MicroRNAs (miRs) are small, endogenous, non-coding RNAs that regulate gene expressing by inhibiting the stability and/or translation of complementary mRNA targets. Expression of miR-23b/-27b, which are encoded in tandem as a cluster on chromosome 9, are specifically downregulated in metastatic prostate cancer tissue samples compared to benign prostate. MiR-23b/-27b levels are also lower in aggressive prostate cancer cell lines compared to more indolent cells. We show miR-23b/-27b suppress migration and invasion of two aggressive human prostate cancer cell lines. Furthermore, inhibition of miR-23b/-27b increases the migration and invasion potential of a less aggressive prostate cancer cell line.

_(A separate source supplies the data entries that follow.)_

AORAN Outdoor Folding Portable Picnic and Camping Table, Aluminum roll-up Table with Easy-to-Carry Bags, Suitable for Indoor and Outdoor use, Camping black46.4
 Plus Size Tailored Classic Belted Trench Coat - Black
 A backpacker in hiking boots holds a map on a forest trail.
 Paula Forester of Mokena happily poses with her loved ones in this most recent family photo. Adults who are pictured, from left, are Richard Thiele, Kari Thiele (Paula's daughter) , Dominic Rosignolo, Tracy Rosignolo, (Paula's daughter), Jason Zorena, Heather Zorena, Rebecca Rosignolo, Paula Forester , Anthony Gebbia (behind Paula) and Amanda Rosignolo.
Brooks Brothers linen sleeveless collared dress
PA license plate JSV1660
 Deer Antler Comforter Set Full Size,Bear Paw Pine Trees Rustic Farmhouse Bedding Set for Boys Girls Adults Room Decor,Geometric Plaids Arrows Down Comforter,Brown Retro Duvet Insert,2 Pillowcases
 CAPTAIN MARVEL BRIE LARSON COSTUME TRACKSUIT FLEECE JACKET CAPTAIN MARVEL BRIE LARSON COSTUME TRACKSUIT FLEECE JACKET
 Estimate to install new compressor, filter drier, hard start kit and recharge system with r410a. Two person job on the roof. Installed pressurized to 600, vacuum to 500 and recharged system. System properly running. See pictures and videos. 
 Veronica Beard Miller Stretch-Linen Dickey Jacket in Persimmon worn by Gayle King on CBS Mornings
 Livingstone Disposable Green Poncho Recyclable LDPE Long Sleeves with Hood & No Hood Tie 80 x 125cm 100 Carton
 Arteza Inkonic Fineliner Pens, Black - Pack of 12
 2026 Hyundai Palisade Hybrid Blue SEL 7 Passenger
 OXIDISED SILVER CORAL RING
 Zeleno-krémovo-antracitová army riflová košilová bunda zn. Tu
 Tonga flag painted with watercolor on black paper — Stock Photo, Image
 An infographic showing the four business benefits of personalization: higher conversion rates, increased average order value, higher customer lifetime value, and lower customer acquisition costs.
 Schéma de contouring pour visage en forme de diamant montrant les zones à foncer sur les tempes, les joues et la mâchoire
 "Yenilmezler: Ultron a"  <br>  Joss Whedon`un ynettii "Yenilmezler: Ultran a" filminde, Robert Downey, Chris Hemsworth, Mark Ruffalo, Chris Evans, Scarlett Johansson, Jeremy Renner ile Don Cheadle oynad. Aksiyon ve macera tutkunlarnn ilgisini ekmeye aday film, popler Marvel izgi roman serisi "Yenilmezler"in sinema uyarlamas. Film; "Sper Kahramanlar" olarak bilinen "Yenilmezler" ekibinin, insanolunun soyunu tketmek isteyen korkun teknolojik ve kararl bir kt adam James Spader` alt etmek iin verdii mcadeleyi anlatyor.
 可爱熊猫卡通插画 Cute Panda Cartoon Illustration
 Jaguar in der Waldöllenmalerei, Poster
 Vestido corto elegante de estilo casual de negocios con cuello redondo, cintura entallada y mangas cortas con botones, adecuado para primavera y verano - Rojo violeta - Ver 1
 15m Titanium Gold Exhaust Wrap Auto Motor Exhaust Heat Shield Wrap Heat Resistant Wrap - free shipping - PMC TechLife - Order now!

Interestingly, we found that the miR-23b/-27b cluster does not affect prostate cancer cell proliferation suggesting miR-23b/-27b are metastatic suppressors. We provide evidence that miR-23b/-27b suppress additional key tumorigenic processes. To understand the mechanism of miR-23b/-27b mediated suppression of metastatic cell processes, we examined the effects of miR-23b/-27b on Rac1, a Rho GTPase essential for the metastatic phenotype of prostate cancer cells. We show ectopic expression of miR-23b/-27b decrease Rac1 activity of aggressive prostate cancer cell lines while inhibition of these miRs increase Rac1 activity in a less aggressive prostate cancer cell line. In addition, we show that expression of miR-23b/-27b increase the cell adhesion protein E-cadherin, in two independent aggressive prostate cancer cell lines. Conversely inhibition of miR-23b/-27b in a less aggressive prostate cancer cell line decreases E-cadherin levels. These data establish an important role for miR-23b/-27b mediated-suppression of invasion and migration of aggressive prostate cancer cells. Since miRs have great potential use as biomarkers and drug targets or mimics, elucidating the role and mechanism of miR-23b/-27b in prostate cancer is critical in the development of novel and effective therapies and prognostic indicators.